Strong scaling results for the Movielens (top) and Amazon (bottom) datasets. X-axis indicates the amount of compute resources (#nodes). Y-axis is wall-clock time. The different series correspond to different block sizes.

Netflix and Yahoo. Runs on the Netflix and Yahoo datasets (Fig. 4) have been performed with 100 latent dimensions (K = 100). Since computational intensity (the amount of compute per row/column of \(\mathbf {R}\)), is \(O(K^3)\), the amount of compute versus compute for these experiments is high, leading to good scalability for a single block (\(1 \times 1\)) for Netflix, and almost linear scalability up to 16 or even 64 nodes. The Yahoo dataset is too large to run with a \(1 \times 1\) block size, but we see a similar trend for \(2 \times 2\).

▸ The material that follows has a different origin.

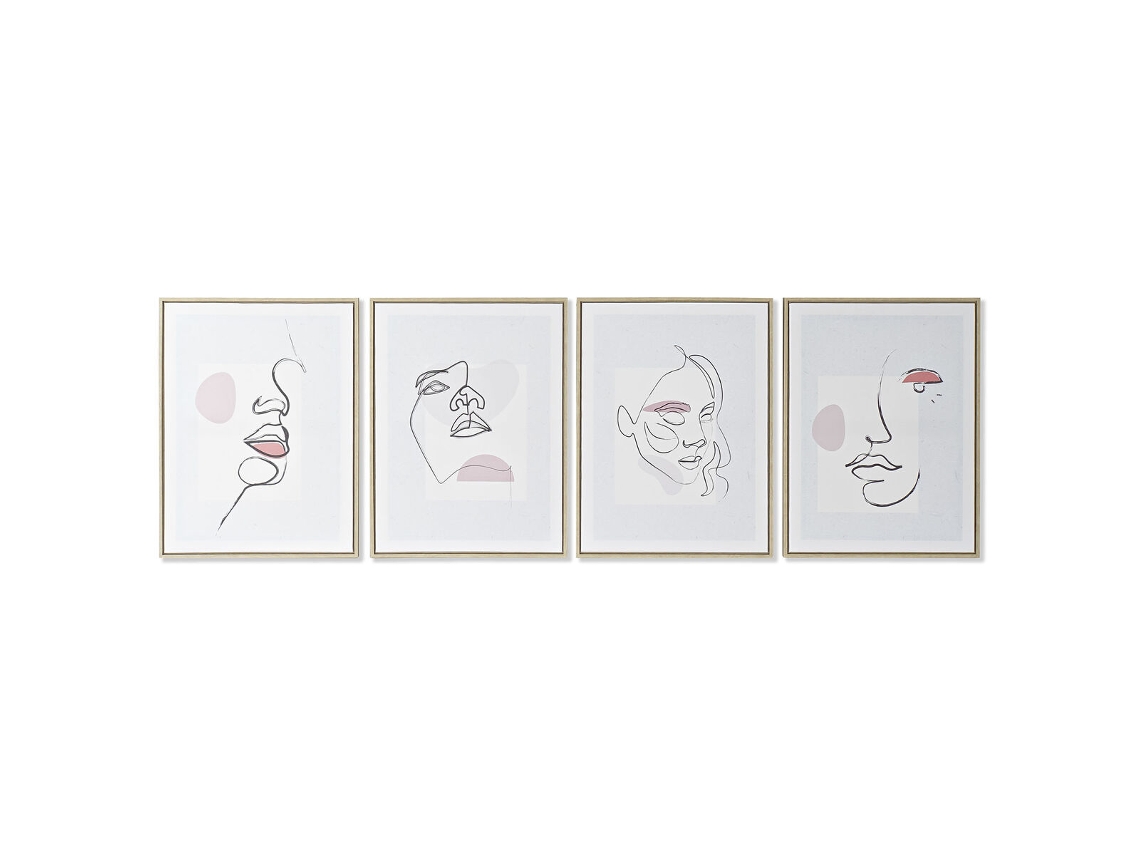 Dkd Home Decor Quadro de Rosto Escandinavo 45 x 2,5 x 60 cm (4 unidades)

Movielens and Amazon. For Movielens and Amazon (Fig. 5), we used \(K=10\) for our experiments. This implies a much smaller amount of compute for the same communication cost inside a block. Hence scaling for \(1 \times 1\) is mostly flat. We do get significant performance improvements with more but smaller blocks where the Amazon dataset running on 2048 nodes, with \(32 \times 32\) blocks is \(20 \times \) faster than the best block size (\(1 \times 1\)) on a single node.

When the nodes in the experiment align with the parallelism across of blocks (either \(I + J\) or \(I \times J\) as explained above), we see a significant drop in the run time. For example for the Amazon dataset on \(32 \times 32\) blocks going from 1024 to 2048 nodes.

4 Conclusions and Further Work

In this paper we presented a scalable, distributed implementation of Bayesian Probabilistic Matrix Factorization, using asynchronous communication. We evaluated both the machine learning and the compute performance on several web-scale datasets.

While we do get significant speed-ups, resource requirements for these speed-ups are extremely large. Hence, in future work, we plan to investigate the effect of the following measures on execution time, resource usage and RMSE:

  • Reduce the number of samples for sub-blocks in phase (b) and phase (c).

  • Use the posterior from phase (b) blocks to make predictions for phase (c) blocks.

  • Use the GASPI implementation of [16], instead of the MPI implementation.